Victor is commemorated on the family grave of his parents and grandfather. Victor was killed in action on 18 April 1916 during the fighting around the Somme and he has no known grave. He was 22years old.  His name is recorded on the Thiepval Memorial to the Missing Pier and Face 1C and 2A.

The entry below shows the details of his estate upon his death.

Bedwell will

Arthur Penton Strong

Arthur Penton Strong
Lieutenant 7th Battalion Northumberland Fusiliers

Division 32

Strong AP photo

Arthur Penton Strong was the son of Arthur and Kate Strong, of Reading.  He is commemorated on the footstone of the family grave. The 1891 census indicates that Arthur had three younger brothers and an older sister his father was a builder and contractor. Kate’s brother also lived with the family. They lived at 5. Zinzan Street, Reading. By 1901 Arthur’s father had died and the family were living at 215, King’s Road, Reading. Arthur was now aged 17 and employed as a factory clerk. In 1911 Kate was living at 30. Telford Avenue with her younger sons. It has not been possible to trace Arthur through the 1911 census.

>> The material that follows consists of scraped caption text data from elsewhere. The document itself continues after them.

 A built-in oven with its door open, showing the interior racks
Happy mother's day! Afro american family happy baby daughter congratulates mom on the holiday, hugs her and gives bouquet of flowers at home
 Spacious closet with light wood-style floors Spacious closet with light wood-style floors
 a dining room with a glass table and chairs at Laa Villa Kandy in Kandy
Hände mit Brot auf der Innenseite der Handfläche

Arthur was killed in action on 26th October 1917, Aged 34.  This was the first day of what came to be known as the Second Battle of Passchendaele.   On this day the British and their allies improved their positions from Passchendaele to Poelcapelle.   Matrix tells us that the attack began at 5.40am.  On either side of the Menin road the British 7th and 5th Divisions were frustrated by marshes.  The Australians and Canadians took their objectives moving off in a mist that became a heavy rain as the day progressed.  The Canadians had 70% casualties.  Poelcapelle means church in the bog and it was in a bog that the British fought.  Several days later New Zealand troops came upon the remains of the Northumberland Fusiliers and Durham Light infantry lying in rows where they had been mown down by German machine guns as they had made their advance on the first day of the battle.

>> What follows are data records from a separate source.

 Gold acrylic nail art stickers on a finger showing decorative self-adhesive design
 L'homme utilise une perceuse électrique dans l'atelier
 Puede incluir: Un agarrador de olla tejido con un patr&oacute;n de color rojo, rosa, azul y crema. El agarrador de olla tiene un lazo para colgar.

Arthur Penton Strong is buried in Poelcapelle British Cemetery. Location XXXVII. F. 19

This cemetery was made after the Armistice by the concentration of graves from other cemeteries and from the battle fields.  The great majority of the dead fell in the last five months of 1917, particularly the month of October.

 

J Starkie

Driver J. Starkie
T/16298 292 Company
Army Service Corps.

Division 49

 space for headstone

J. Starkie  was 34 years old and died on the 8th August 1915.  He was  the son of Samuel and Mary Starkie of Blackburn, Lancashire and  the husband of Sophia Starkie, of 40, Sunny Bank, Mytholmroyd, Yorkshire.

Starkie died in a tragic boating accident whilst based near Reading.  He and Private J. J. McKeever, an Irish man born at Waterside, were in a Canadian canoe on the Thames at Tilehurst when the canoe capsized and both soldiers were drowned.  Neither man could swim.  The Coroners verdict was that of “Accidental Drowning”.

During the war years there were many such accidents on the Thames, sometimes of army personelle and sometimes civilians and children.  Many drownings were accidental, some were acts of suicide.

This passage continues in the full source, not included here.